Planning A Week of Art in Preschool
Updated: 3 days ago
How do you set up and plan your art activities each week at school?
If you create lesson plans for your class following using a theme based approach, you might use your theme to come up with some ideas. But, if your focus is to provide open ended art activities, how do you begin to structure your art area? How do you plan art activities day after day and week after week?
I want to help you with that.
Over the years, with the help of co-workers and some "life-changing" workshops, I have honed much of what we do in the art area of our classroom. While I always try to learn more, and to reevaluate my practice, we have a pretty solid framework from which to work, making planning art for the week, the month, or the whole year, relatively streamlined, and meaningful.
What are the overarching goals when planning open ended art?
Though my co-teachers and I plan the art area each week, the fact is I have a very specific idea of what I want the results to be over the course of the year. And these are process oriented. I don't need my students to be able to name colors or shapes or to create representational artwork. I don't even need every child to try every activity.
I want to introduce children to the creative process.
And so, first:
1. We introduce them to a variety of media and tools for creating.

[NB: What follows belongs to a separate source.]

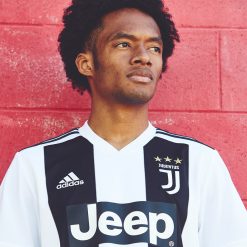 Juan Cuadrado con la maglia della Juventus 2018-2019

1) Paint- tempera, watercolor, liquid watercolor
2) Drawing- pencils, crayons, colored pencils, oil pastels (I also sometimes think of these as drawing tools.)
3) Glue and Collage
4) Found materials/loose parts
2) Tools for attaching
3) Hole punchers
4) Basic shape stencils
5) Painting tools- brushes of different sizes, rollers, found objects can be tools for painting and stamping
2. I want children to be able to access the materials they want on a regular basis. The point of introducing all these tools and media is so that the children learn to be makers. I want them to be able to say to themselves, "I want to use ______," or "I want to make ______." And they will know where to find what they need and how to use it all.
3. AND I want them to have the initiative to gather the materials they need on their own, and to have the perseverance to follow through with their plan.
As I write this it is the beginning of the school year, and I am just beginning to implement this with my students. At first everything they needed for art was set up by us. The goal a month ago was simply for them to be happy and engaged at school, and for them to learn the routines.
With a month and a half under our belt, so many transitions are now easier. (Some are still a work in progress.) And so, we have upped the bar a little bit at a time. When they head to the easel, we no longer place the brushes in the containers for them. They find them where they are stored, and bring them to the easel themselves.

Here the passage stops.